One of the main sources of the current rumor is Andrew Parish, co-founder of ArchPublic. He claims there are “zero interested parties” for Genesis.
Absolutely zero offers for Genesis and DCG growth.
**Genesis creditors prepare for ‘imminent’ bankruptcy filing.
— Andrew (@AP_ArchPublic) November 20, 2022
However, how legitimate this source is is being questioned in the cryptocurrency community. Analyst Dylan LeClair expressed his doubts and advised these guys to take the sources with a grain of salt.
I have no idea if this guy is just making something up or not, but nothing would surprise me at this point.
Take these guys’ sources with a grain of salt, but… Where there’s smoke, there’s often fire.
Leverage kills – stable guys pic.twitter.com/B0oDJe78jh
— Dylan LeClair 🟠 (@DylanLeClair_) November 20, 2022
Assuming Genesis is indeed unable to raise capital, DCG may be forced to sell its equity and part of its portfolio. Adam Cochran, a partner at VC firm Cinneamhain Ventures, examines DCG’s assets to assess whether it can plug the $1 billion hole on its own.
DCG may attempt to sell its portfolio companies, including Luno, Foundry and Coindesk, as well as a significant portfolio of ventures. However, Cochran believes $1 billion is too optimistic, and “as a VC, I don’t have much to offer with a secondary,” he said.
So I think we’re looking at something like that.
On the surface, these are ballpark numbers, but it will give us an idea of what their venture portfolio might look like. pic.twitter.com/loH4mMiznG
— Adam Cochran (adamscochran.eth) (@adamscochran) November 19, 2022
Cochran went on to explain that Grayscale, Genesis, and Luno—in that order—could be DCG’s highest priorities. So to get to $1 billion, according to Cochran, they’ll have to sell some of the equity, all of their businesses, all of their liquid assets, and Luno/Coindesk/Foundry (if they’re worth anything).
Ultimately, DCG will have to throw everything aside to save the golden goose. Only if that fails will liquidation of the Grayscale Bitcoin Trust be on the table.
I think if we get another word this week that they’re closing a round, that means a lot of these items will sell. If they can’t get the raise in time, then they’ll have to look at spinning off Grayscale itself.
But even that may not be easy. Admittedly, Grayscale has already de-trusted XRP in the past. But this was against the backdrop of the US Securities and Exchange Commission’s lawsuit against Ripple Labs.

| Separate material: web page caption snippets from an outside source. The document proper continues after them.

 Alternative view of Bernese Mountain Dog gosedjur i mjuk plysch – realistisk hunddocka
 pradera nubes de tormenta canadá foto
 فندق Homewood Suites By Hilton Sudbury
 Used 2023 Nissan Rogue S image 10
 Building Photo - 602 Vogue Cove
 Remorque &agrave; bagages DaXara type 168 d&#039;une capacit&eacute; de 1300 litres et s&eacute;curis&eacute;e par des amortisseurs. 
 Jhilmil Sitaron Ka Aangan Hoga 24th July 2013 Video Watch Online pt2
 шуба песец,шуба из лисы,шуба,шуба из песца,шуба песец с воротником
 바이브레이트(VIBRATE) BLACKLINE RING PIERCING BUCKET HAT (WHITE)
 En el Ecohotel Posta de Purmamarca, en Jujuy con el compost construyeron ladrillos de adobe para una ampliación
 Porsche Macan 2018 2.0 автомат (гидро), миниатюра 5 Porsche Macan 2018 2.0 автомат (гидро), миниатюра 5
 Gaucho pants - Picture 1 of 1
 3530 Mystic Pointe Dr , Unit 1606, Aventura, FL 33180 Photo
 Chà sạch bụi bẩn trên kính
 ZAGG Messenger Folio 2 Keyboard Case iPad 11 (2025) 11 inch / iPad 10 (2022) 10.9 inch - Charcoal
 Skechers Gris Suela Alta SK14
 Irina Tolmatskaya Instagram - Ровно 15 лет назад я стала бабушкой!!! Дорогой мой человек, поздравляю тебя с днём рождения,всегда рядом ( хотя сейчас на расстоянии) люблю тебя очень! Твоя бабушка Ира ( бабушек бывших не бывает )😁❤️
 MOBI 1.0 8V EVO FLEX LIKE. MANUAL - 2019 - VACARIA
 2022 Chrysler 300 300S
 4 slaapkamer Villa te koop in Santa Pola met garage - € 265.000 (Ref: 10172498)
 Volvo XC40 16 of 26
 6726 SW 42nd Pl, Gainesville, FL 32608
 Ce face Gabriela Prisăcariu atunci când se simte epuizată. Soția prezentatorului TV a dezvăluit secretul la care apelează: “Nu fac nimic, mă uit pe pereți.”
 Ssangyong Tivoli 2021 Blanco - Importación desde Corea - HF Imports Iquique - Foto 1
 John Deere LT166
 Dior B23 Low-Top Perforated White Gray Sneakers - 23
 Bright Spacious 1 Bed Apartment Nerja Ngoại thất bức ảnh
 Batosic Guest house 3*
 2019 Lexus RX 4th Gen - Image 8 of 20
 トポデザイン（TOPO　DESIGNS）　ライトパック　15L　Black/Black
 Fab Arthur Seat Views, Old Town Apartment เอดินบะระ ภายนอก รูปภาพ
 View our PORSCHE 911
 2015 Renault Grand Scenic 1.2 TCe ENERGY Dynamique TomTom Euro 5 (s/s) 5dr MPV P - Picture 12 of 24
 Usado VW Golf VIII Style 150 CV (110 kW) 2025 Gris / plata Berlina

QCP Capital noted in a recent report that “those expecting GBTC to allow a one-time buyback for Genesis to meet its liquidity needs are misguided, as this would have to be done with SEC approval.” Given the SEC’s opposition to GBTC this year, QCP Capital doesn’t expect that to happen anytime soon.
Ram Ahluwalia, CEO of Lumida Wealth Management, meanwhile, is evaluated that “The right step to creation is a purchase.” Potential buyers could include GS, ICE or a consortium of investment banks. Ahluwalia said:
It won’t be easy – headline risk, regulatory scrutiny, asset quality questions, risk-averse climate, etc. (MS, Merrill, CS, Deutsche and Jefferies would not for various reasons).
If there is no buyer, DCG will have to plug the hole, which Ahluwalia believes it will not do because the business is not profitable. “This amounts to an organized bankruptcy of the Genesis credit subsidiary,” he said.
At press time, Bitcoin investors appeared to be in a very relaxed and risk-averse mode. The price of Bitcoin fell to $16,000, nearing a bear market of $15,675.